Jul 9, 2012, 7:14:33 PM7/9/12

to Wei Cao, erlang-q...@erlang.org

Hi,

Performance of our HTTP Web Server drops down after applying your patches.

Box: Linux F17, 4GB of RAM:

$ lscpu

Architecture: i686

CPU op-mode(s): 32-bit, 64-bit

Byte Order: Little Endian

CPU(s): 4

On-line CPU(s) list: 0-3

Thread(s) per core: 1

Core(s) per socket: 4

Socket(s): 1

Vendor ID: GenuineIntel

CPU family: 6

Model: 23

Stepping: 7

CPU MHz: 2499.772

BogoMIPS: 4999.54

Virtualization: VT-x

L1d cache: 32K

L1i cache: 32K

L2 cache: 3072K

Bench:

before: 77787 rps

after: 53056 rps

Any hint to explain this result Wei ?

Regards,

Zabrane

Wei Cao

unread,

Jul 9, 2012, 10:30:01 PM7/9/12

to Zabrane Mickael, erlang-q...@erlang.org

My tests were all keepalived/persistent connections, and there was
significant performance gain in these situations. but I wrote a http
server with short connection just now, the performance did drop down,
I'll find it out later :).

2012/7/10 Zabrane Mickael <zabr...@gmail.com>:

Zabrane Mickael

unread,

Jul 10, 2012, 5:08:13 AM7/10/12

to Wei Cao, erlang-q...@erlang.org

On Jul 10, 2012, at 4:30 AM, Wei Cao wrote:

My tests were all keepalived/persistent connections, and there was
significant performance gain in these situations.

Of course I enabled keepalive on my test.

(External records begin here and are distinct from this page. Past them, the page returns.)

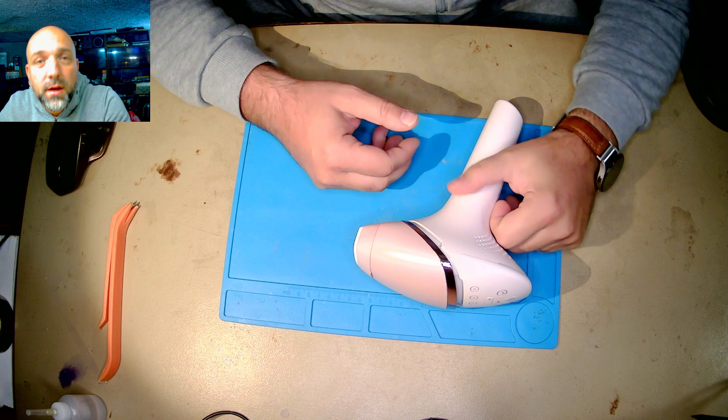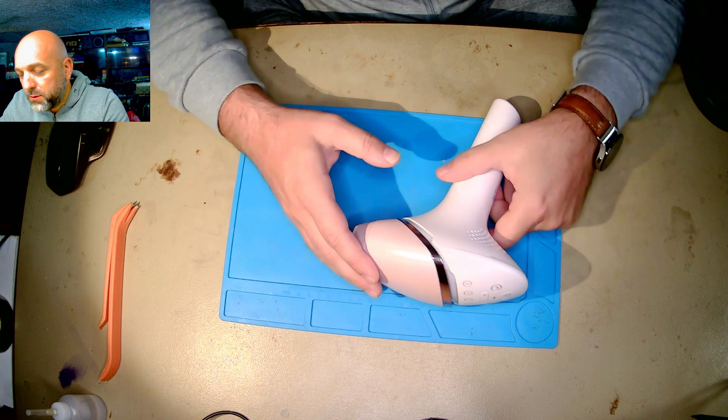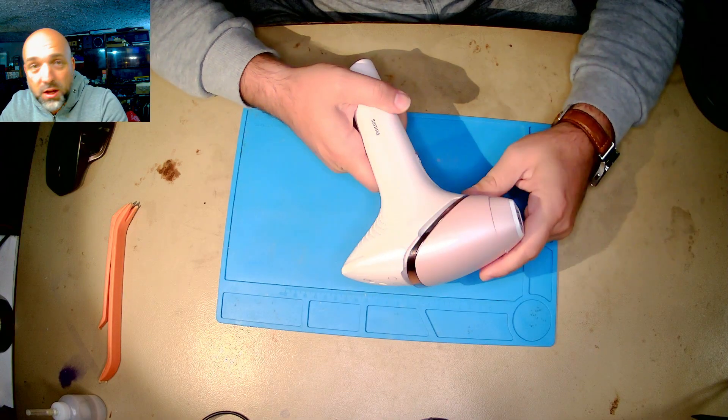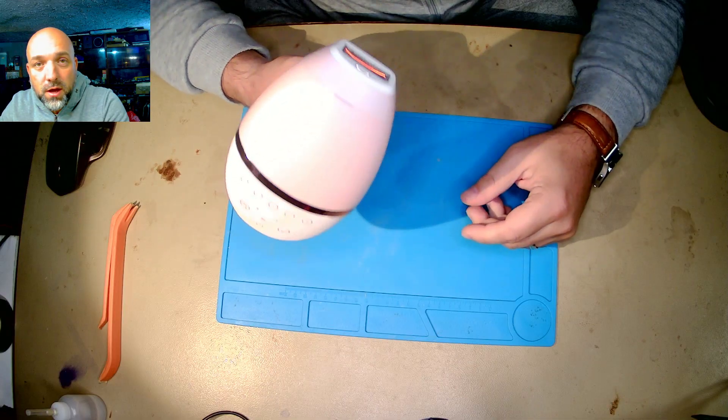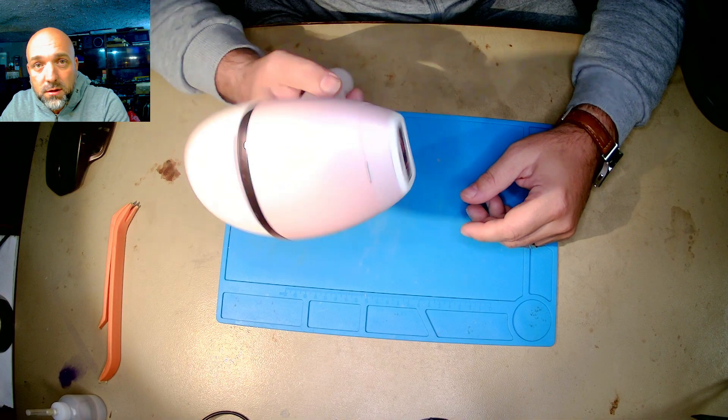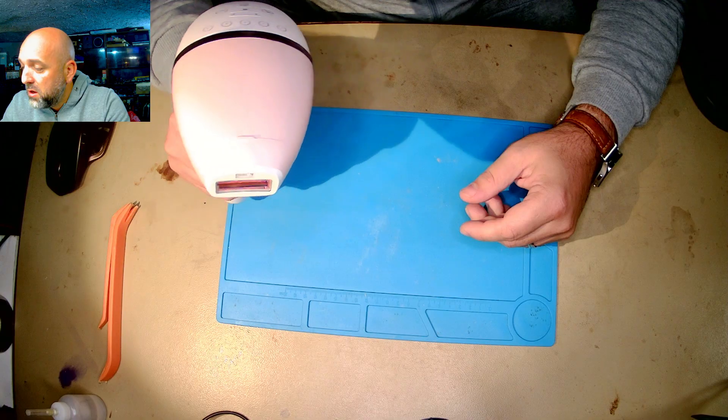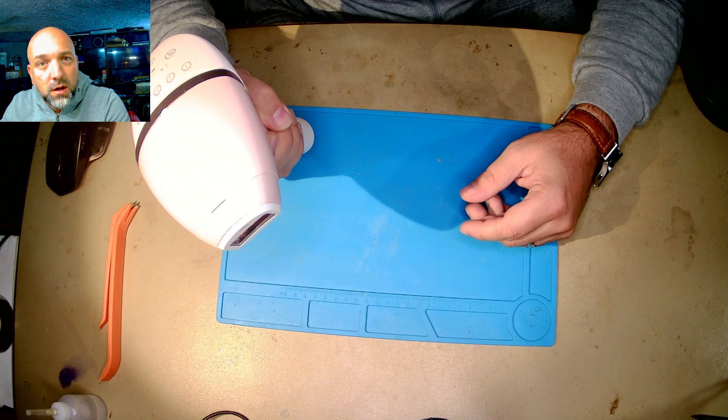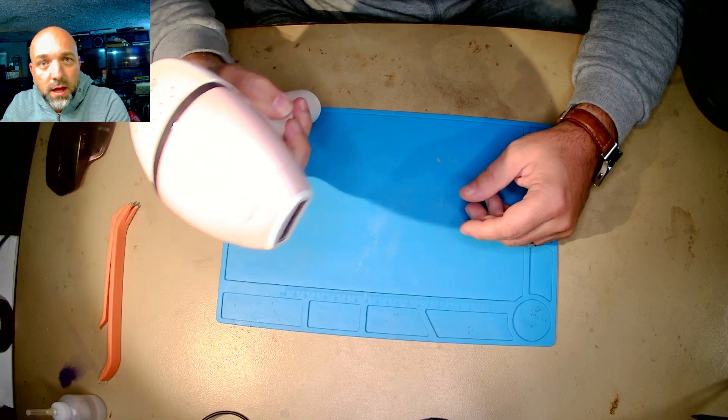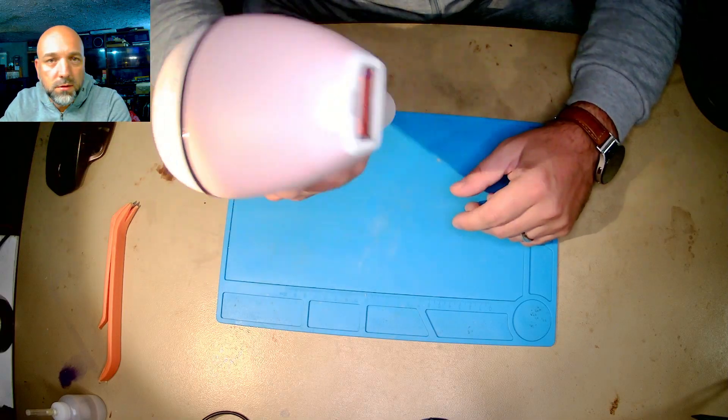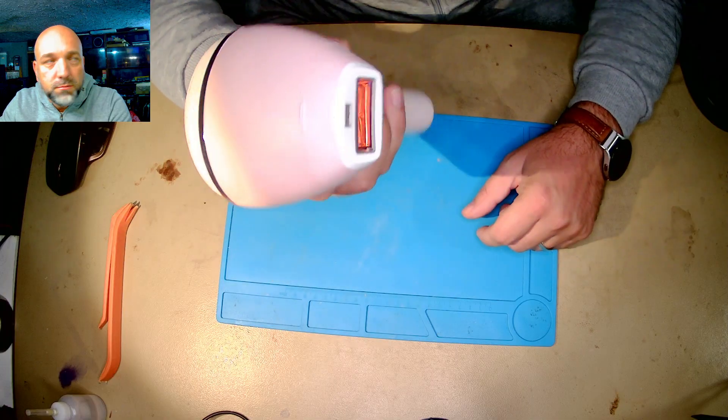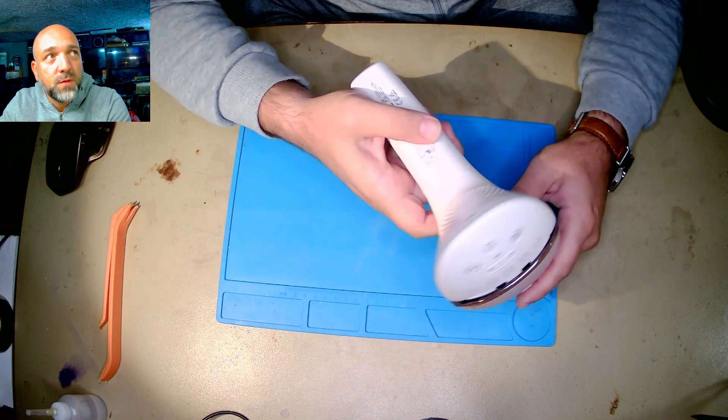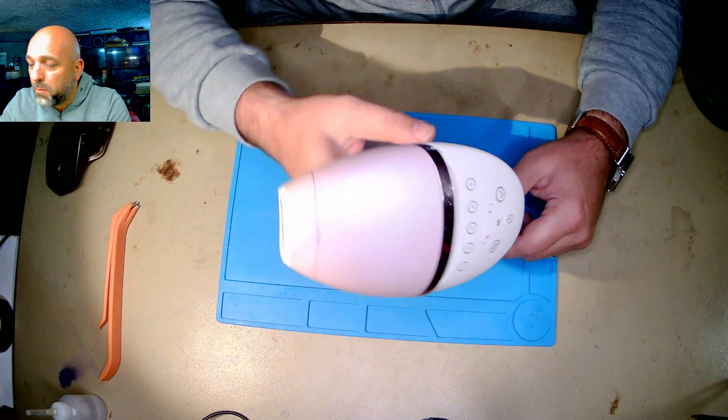Hi and welcome to a new video. Today we have a challenge in front of us - an IPL impulse light laser hair removal tool for women. This is extremely expensive, from Philips, and it has a problem.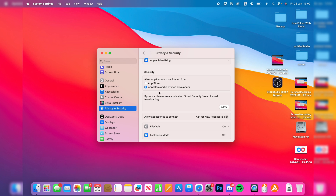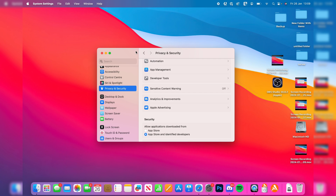The popup you see may be worded slightly differently — mine is for a system extension — but if you're sure you want to run and install it, all you need to do is click the button. Click Allow and you'll then be prompted to enter your password, and then you can run the application which was originally blocked.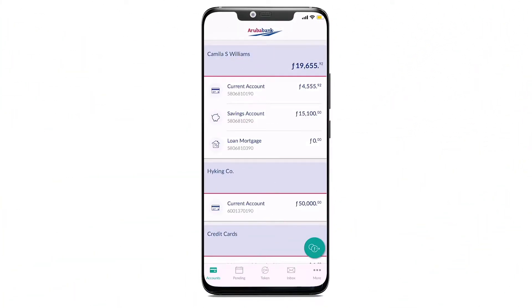Submit an international transfer with the Aruba Bank app by pressing the transfer icon on the bottom of the screen and provide the needed details for the transfer.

but I wrote a http server with short connection just now, the performance did drop down,
I'll find it out later :).

Great. Let me know if you make any progress.

Regards,

Zabrane

erlang

unread,

Jul 10, 2012, 5:14:54 PM7/10/12

to erlang-q...@erlang.org

Hi, all (first time)
on start - i'm sorry for my englisch language.
i think that the problem is on all lines where you use "io:format"
In my system when i start wrote in erlang I used many times io:format
for debug. It wos big bottleneck.

JanM

W dniu 2012-07-09 11:01, Wei Cao pisze:

Zabrane Mickael

unread,

Jul 10, 2012, 5:36:56 PM7/10/12

to erlang, erlang-q...@erlang.org

I dont think so!

When I tested Wei's code teh first time, I suppressed all io:format statements and made

the inner loop lot simpler. Something like that:

[...]

loop(S,B) ->

inet:setopts(S, [{active, once}]),

receive

{tcp, S, _Data} ->

Response = <<"HTTP/1.1 200 OK\r\nContent-Length:

12\r\nConnection: Keep-Alive\r\n\r\nhello world!">>,

gen_tcp:send(S, Response),

loop(S, <<>>)

[...]

didn't change anything in my case.

Hope this help!

Regards,

Zabrane

Zabrane Mickael

unread,

Jul 10, 2012, 8:24:53 PM7/10/12

to Wei Cao, erlang-q...@erlang.org

Hi Wei,

I did some other tests on our 8-Cores 64-bit machine:

before: 157141 rps
after: 80245 rps

Same behaviour as before ... hope this help.

Regards,
Zabrane

On Jul 10, 2012, at 4:30 AM, Wei Cao wrote:

Wei Cao

unread,

Jul 11, 2012, 2:44:49 AM7/11/12

to Zabrane Mickael, erlang-q...@erlang.org

Find the reason :), please compile with

./configure CFLAGS="-DERTS_POLLSET_PER_SCHEDULER -g -O3 -fomit-frame-pointer"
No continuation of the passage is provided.